PBIS Reduces Teacher Burnout

Safe, predictable, consistent schools are good for everyone, teachers too. When schools implement PBIS, teachers feel less emotionally exhausted, more connected to their students’ perceptions of their class, a greater sense of accomplishment in their work, and overall, more capable in their abilities as teachers.8 That means teachers in your school experience less burnout.

PBIS Makes All Your Other Practices Better

A PBIS framework gives you a natural system for selecting, implementing, and sustaining evidence-based practices. Your leadership team commits to meeting regularly, using data, and answering the questions: Did we do what we said we would do and how has that affected students? Every practice you implement flows through the same process. It’s that organization and commitment to on-going improvement that makes schools implementing PBIS up to three times more likely to sustain their school-based practices than non-implementing schools.9

Each of these outcomes are possible when you implement PBIS where you work and with the students you support. For more information about the evidence base supporting the benefits of implementing PBIS, check out the full list of research updated regularly.
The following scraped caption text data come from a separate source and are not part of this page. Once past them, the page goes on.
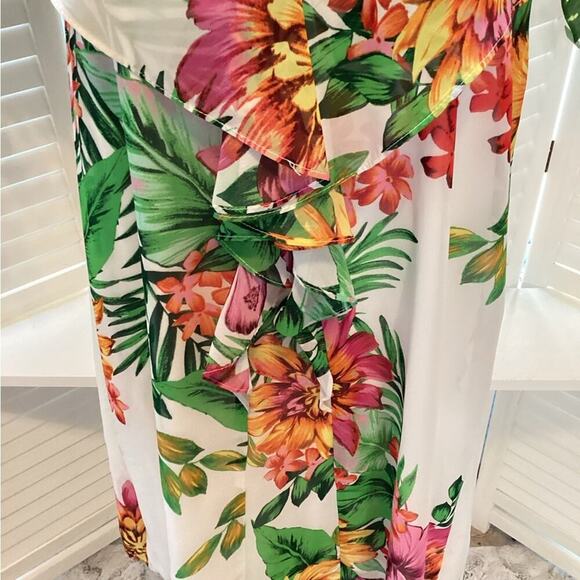 MAX STUDIO MULTI COLOR FLORAL NWOT SIZE LARGE - Picture 2 of 7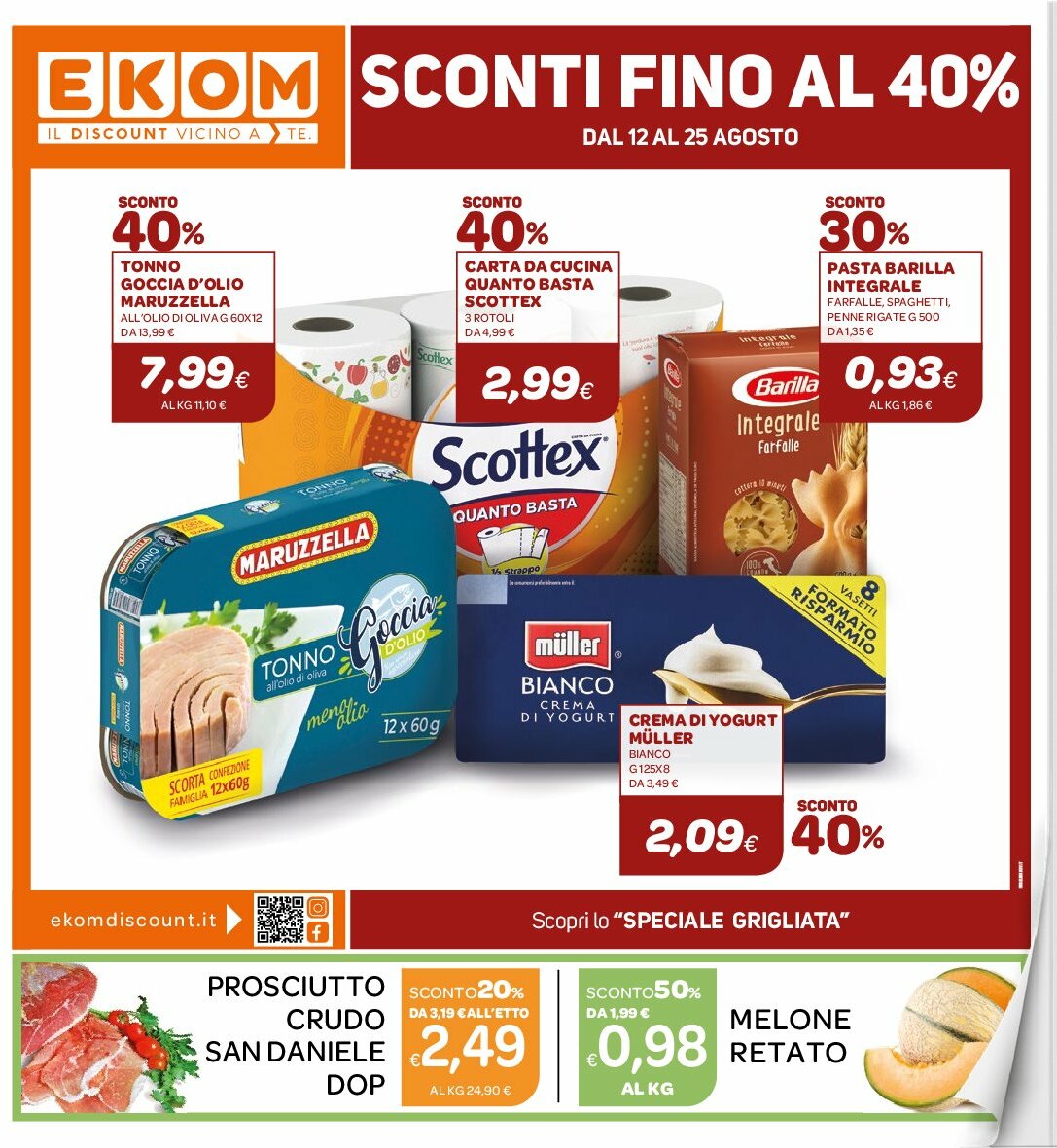 ekom - Volantino Ekom - Liguria/Piemonte valido dal 12/08 al 25/08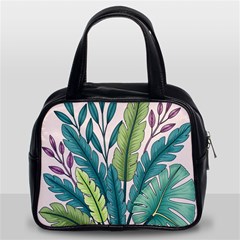 Illustrations Plants Nature Leaves Classic Handbag (Two Sides) from ArtsNow.com Front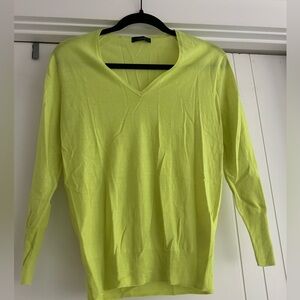 J Crew Tissue Sweater in Lime 🍋‍🟩 True Sample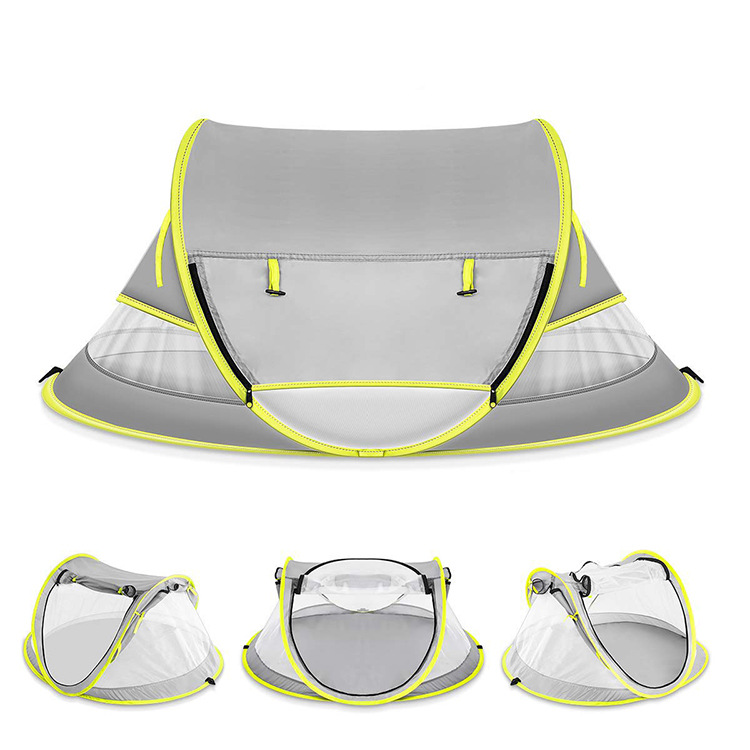 Children's outdoor tent foldable anti-mosquito installation-free picnic camping quick open seaside sun protection sunshade beach tent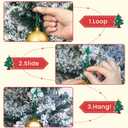 Christmas Ornament Hooks Green Tree Hanger - 20 PCS Reusable Silicone Clips, Cable Ties, Cord Organizers for Holiday Decorations Storage, Elastic Stretchable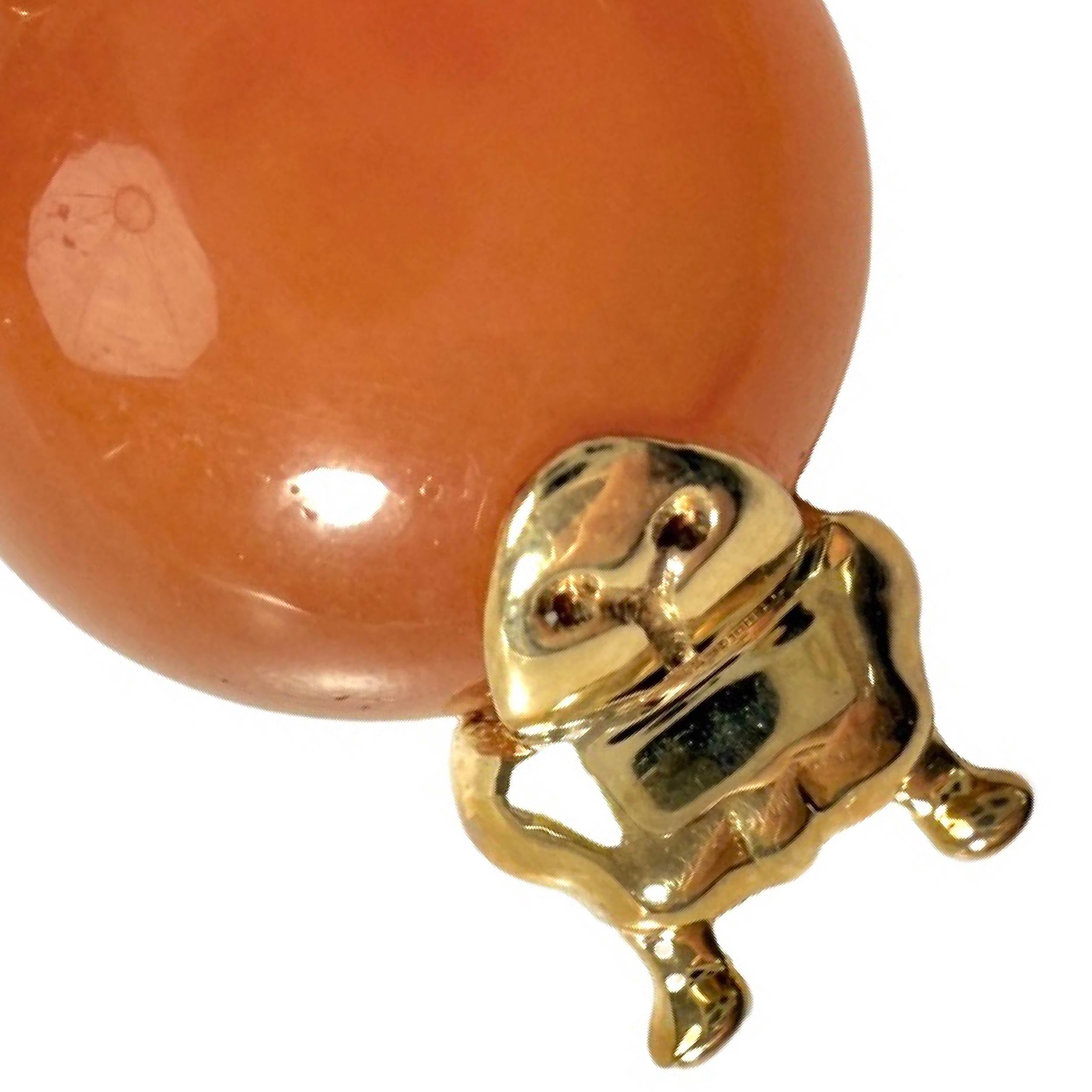 Shinecrys- red crystal pendant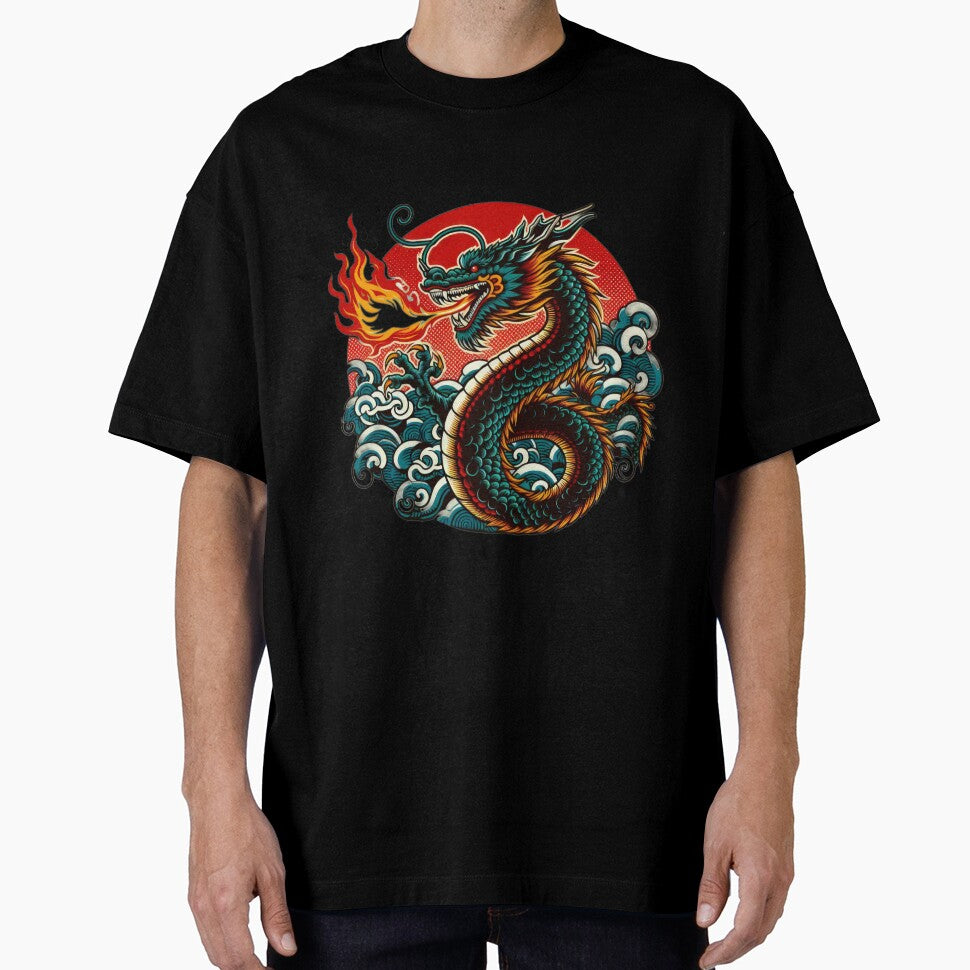 Fire Shock dragon breathing fire vintage by Expressions-Sel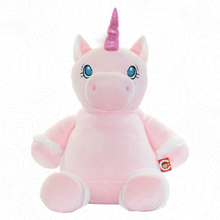 Load image into Gallery viewer, Nuri Snuggle Buddy Pink Unicorn
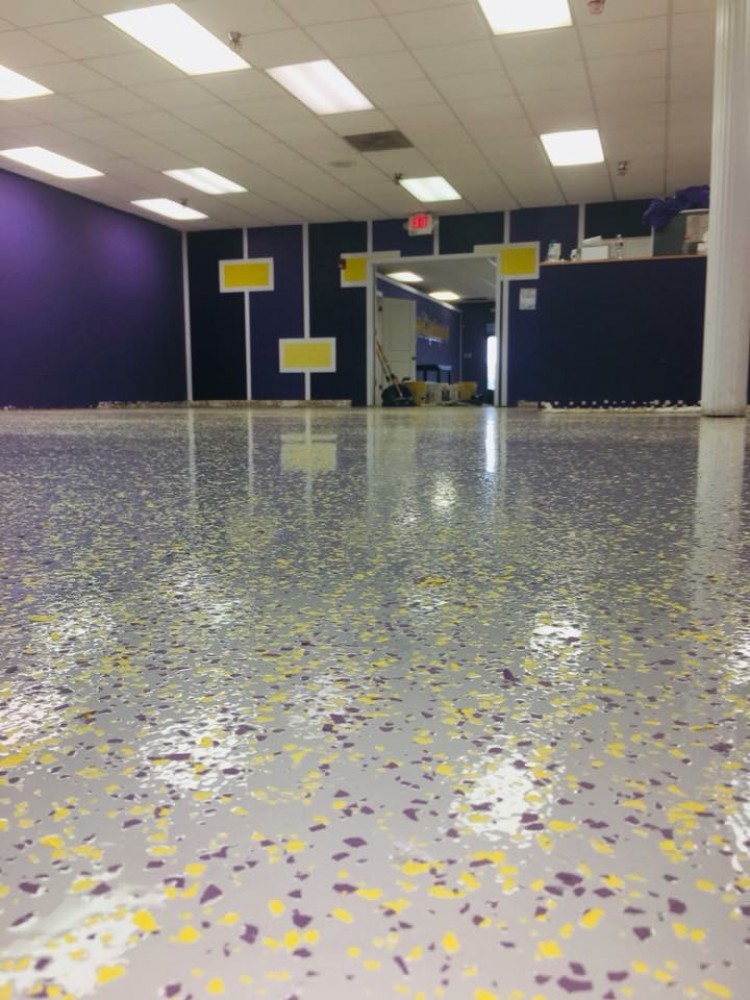 Photo By Columbus Garage Floor Coating. Commercial Floor - Super Games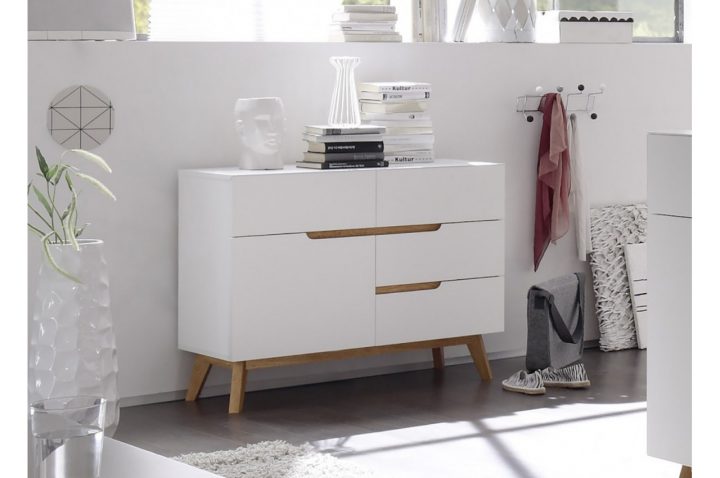 meuble scandinave blanc et bois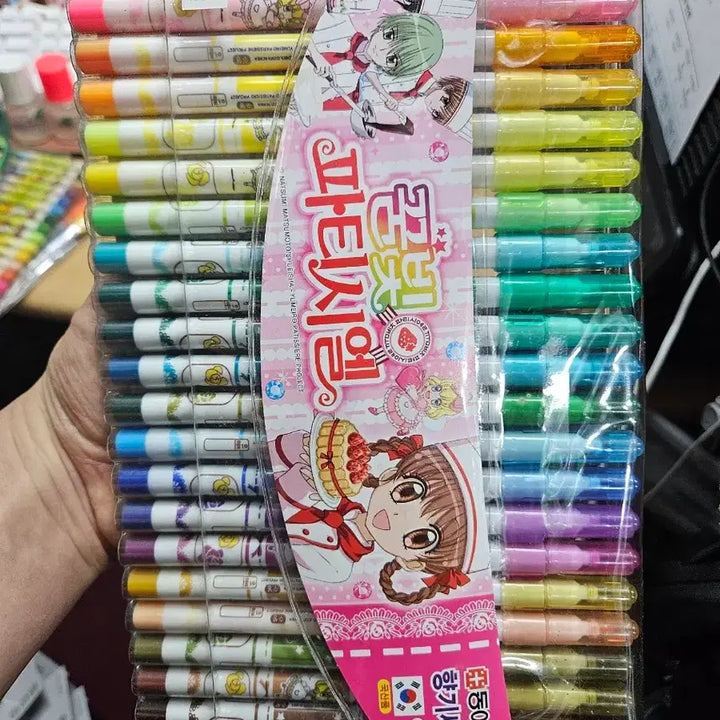 [BUNJANG] Dreaming Patissier 24-Color Scented Marker Set / 꿈의파티시엘 24색 싸인펜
  1. McIntosh, K., Girvan, E. J., McDaniel, S. C., Santiago-Rosario, M. R., St. Joseph, S., Fairbanks Falcon, S., ... & Bastable, E. (2021). Effects of an equity-focused PBIS approach to school improvement on exclusionary discipline and school climate. Preventing School Failure: Alternative Education for Children and Youth, 65(4), 354-361.
  2. Algozzine, K., & Algozzine, B. (2007). Classroom instructional ecology and school-wide positive behavior support. Journal of Applied School Psychology, 24(1), 29-47.
  3. Ross, S. W., Horner, R. H., & Higbee, T. (2009). Bully prevention in positive behavior support. Journal of Applied Behavior Analysis, 42(4), 747-759.
  4. Waasdorp, T. E., Bradshaw, C. P., & Leaf, P. J. (2012). The impact of schoolwide positive behavioral interventions and supports on bullying and peer rejection. Archives of Pediatrics & Adolescent Medicine, 166(2), 149-156.
  5. Bradshaw, C. P., Waasdorp, T. E., & Leaf, P. J. (2012). Effects of school-wide positive behavioral interventions and supports on child behavior problems and adjustment. Pediatrics, e1136-e1145. https://doi.org/10.1542/peds.2012-0243
  6. Bastable, E., Kittelman, A., McIntosh, K., & Hoselton, R. (2015). Do high schools implementing SWPBIS have lower rates of illegal drug and alcohol use? PBIS Evaluation Brief. OSEP National Technical Assistance Center on Positive Behavioral Interventions and Supports.
  7. McIntosh, K., Girvan, E. J., Fairbanks Falcon, S., McDaniel, S. C., Smolkowski, K., Bastable, E., Santiago-Rosario, M. R., Izzard, S., Austin, S. C., Nese, R. N. T., & Baldy, T. S. (2021). An equity-focused PBIS approach reduces racial inequities in school discipline: A randomized controlled trial. School Psychology, 36(6), 433-444. https://doi.org/10.1037/spq0000466.
  8. Ross, S. W., Romer, N., & Horner, R. H. (2012). Teacher well-being and the implementation of school-wide positive behavior interventions and supports. Journal of Positive Behavior Interventions, 14(2), 118-128.
  9. Meng, P.M., McIntosh, K., Claassen, J., & Hoselton, R. (2016) Does Implementation of SWPBIS Enhance Sustainability of Specific Programs, such as Playworks? PBIS Evaluation Brief. OSEP National Technical Assistance Center on Positive Behavioral Interventions and Supports.